1940 children's picture book by Esphyr Slobodkina

Caps for Sale is a children's picture book, written and illustrated by Esphyr Slobodkina and published by W. R. Scott in 1940.

==Summary==
Based on a folktale, the story follows a mustachioed cap-selling peddler (unnamed in the book, he is known as Pezzo in the sequel, Circus Caps for Sale) who wears his entire stock of caps on his head. When the peddler goes to sleep under a tree, a troop of monkeys steal all the caps, except his own checked cap, and put them on. The peddler tries in vain to get the monkeys to return the caps (first shaking his pointer finger, then shaking both of his hands, then stamping one of his feet, and finally stamping both feet), but they only imitate his actions.

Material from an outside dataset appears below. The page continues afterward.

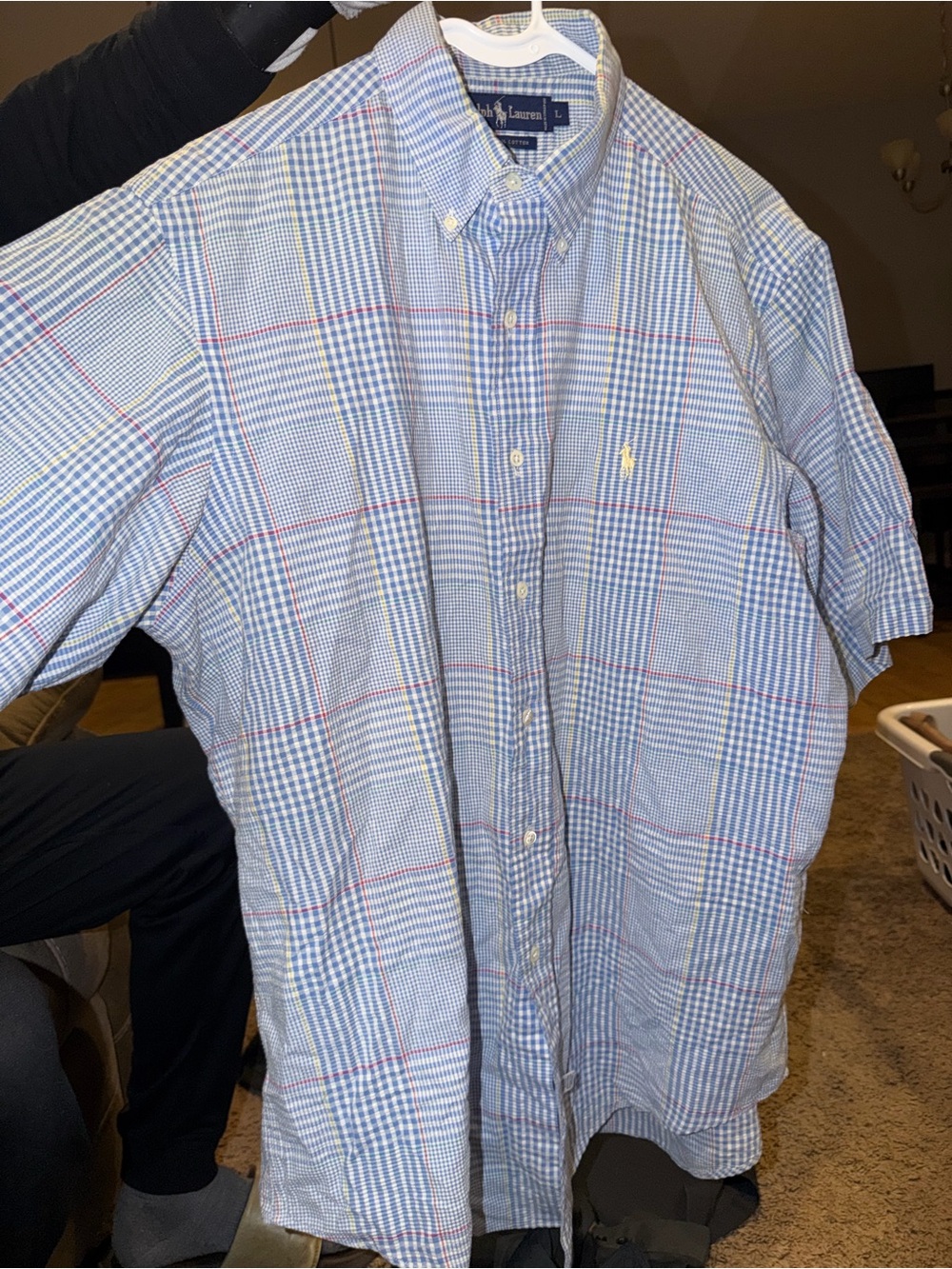 Polo by Ralph Lauren Light Blue Plaid Short-Sleeve Button-Down Shirt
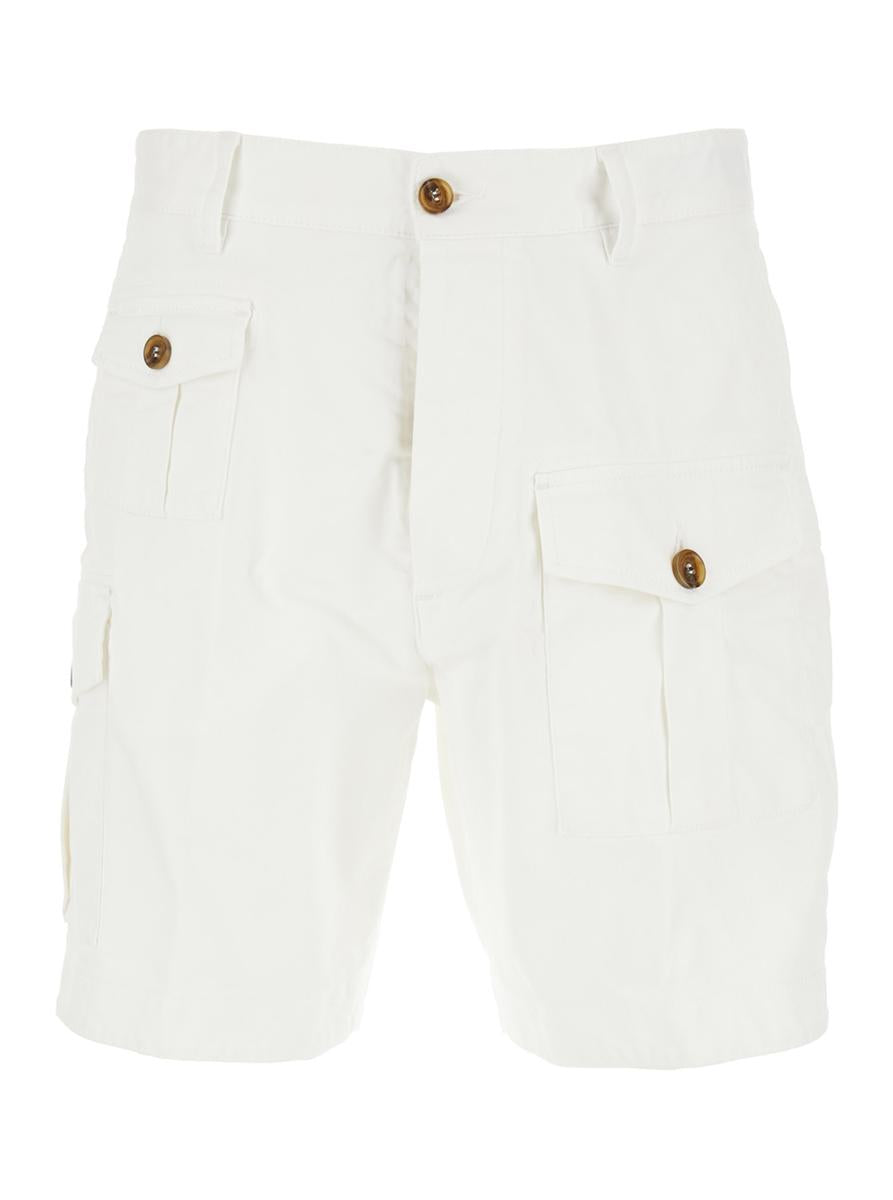 White Bermuda With Asymmetric Cargo Pockets And Belt Loops In Cotton Man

Finally, he waves his own cap in the air, throws it on the ground in disgust and walks away, causing the monkeys to do the same. The peddler then collects all the caps off the ground and goes on his way.

==Popularity==
It is Slobodkina's best-known work, and has sold more than two million copies. Caps for Sale is a popular read-aloud book, because its repetitive text permits children to speak the lines and thus join in the reading experience.

It won a Lewis Carroll Shelf Award in 1958.

==History==
The earliest known account of the story may be found in The Wilmington Centinel, published in Wilmington, North Carolina on January 8, 1789:

According to the following relation from a person just returned from the Labrador coast, the imitative faculty in monkeys seems to exceed every thing short of human — A sailor having a number of red woolen caps and care to dispose of among the natives, went on shore for that purpose; his way to a settlement lying through a woods very copiously inhabited by the species mentioned above, and it being midday, put a cap on his head, and laying the others by his side, he determined upon a little repose under the shade of a plantain tree. To his utter astonishment, when he awoke, from the specimen he had given his imitative observers of the use of his caps, he beheld a number of them upon the heads of the monkeys on the trees, round about him, while the wearers were chattering in an unusual manner. Finding every attempt to regain them fruitless, he at length in a fit of rage and disappointment, and under the supposition the one he retained was not worth taking away, pulled the same from his head, and throwing it upon the ground exclaimed — "here d--n you, take it among ye", which he had no sooner done, than to his great surprise, the observant monkeys did the same, by which means he regained the greatest part of his property.

==Sequels==
Slobodkina published a sequel, Pezzo the Peddler and the Circus Elephant, in 1967, twenty-seven years after the publication of Caps for Sale. It was reissued in 2002, after Slobodkina's death, as Circus Caps for Sale. A direct sequel bringing back the monkeys, More Caps for Sale, was published in 2015, credited jointly to Slobodkina and her long-time personal assistant Ann Marie Mulhearn Sayer. This was followed by Caps for Sale and the Mindful Monkeys in 2017. The illustrations for the latter two books were created by scanning and editing images from Slobodkina's original artwork.

==Other media==
Caps for Sale was included as one of five stories on the 1986 VHS release Five Stories for the Very Young from Weston Woods Studios, animated using illustrations from the book. A remake was released on Weston Woods's 2007 collection Picture Book Classics on DVD, narrated by Rex Robbins.

Caps for Sale was read periodically on Captain Kangaroo.